▶ [PROBLEM STATEMENT] Once the pictures are set aside, transcribe each line of the listing exactly.

▶ [DATA SHOWN]

● ● ● ●

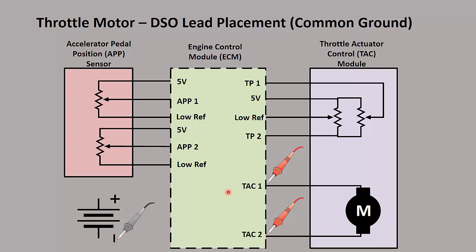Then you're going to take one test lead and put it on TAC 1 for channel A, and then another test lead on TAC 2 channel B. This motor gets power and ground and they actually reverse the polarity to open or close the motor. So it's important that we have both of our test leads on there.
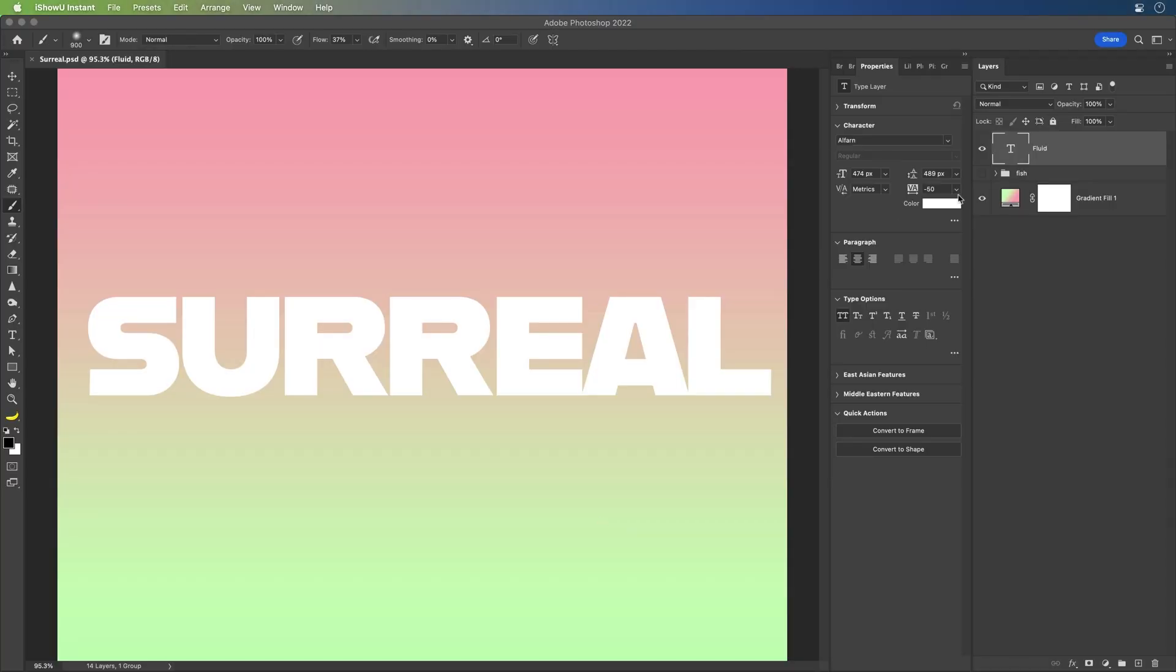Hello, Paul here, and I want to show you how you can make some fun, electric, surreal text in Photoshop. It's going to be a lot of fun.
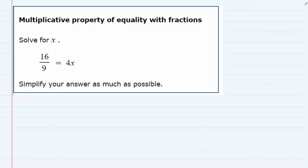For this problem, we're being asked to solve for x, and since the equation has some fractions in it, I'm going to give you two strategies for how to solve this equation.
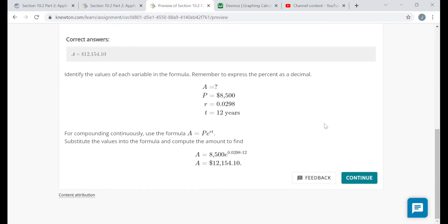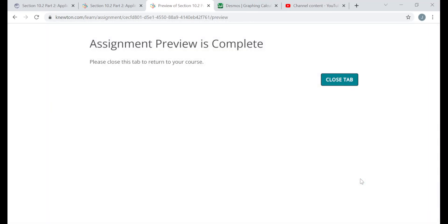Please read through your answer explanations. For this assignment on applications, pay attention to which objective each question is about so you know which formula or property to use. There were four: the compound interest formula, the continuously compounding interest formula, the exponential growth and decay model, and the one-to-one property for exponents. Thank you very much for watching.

● ● ● ●

▶ [WRITTEN RESPONSE]
Then you're going to take one test lead and put it on TAC 1 for channel A, and then another test lead on TAC 2 channel B. This motor gets power and ground and they actually reverse the polarity to open or close the motor. So it's important that we have both of our test leads on there.
Hello, Paul here, and I want to show you how you can make some fun, electric, surreal text in Photoshop. It's going to be a lot of fun.
For this problem, we're being asked to solve for x, and since the equation has some fractions in it, I'm going to give you two strategies for how to solve this equation.
Please read through your answer explanations. For this assignment on applications, pay attention to which objective each question is about so you know which formula or property to use. There were four: the compound interest formula, the continuously compounding interest formula, the exponential growth and decay model, and the one-to-one property for exponents. Thank you very much for watching.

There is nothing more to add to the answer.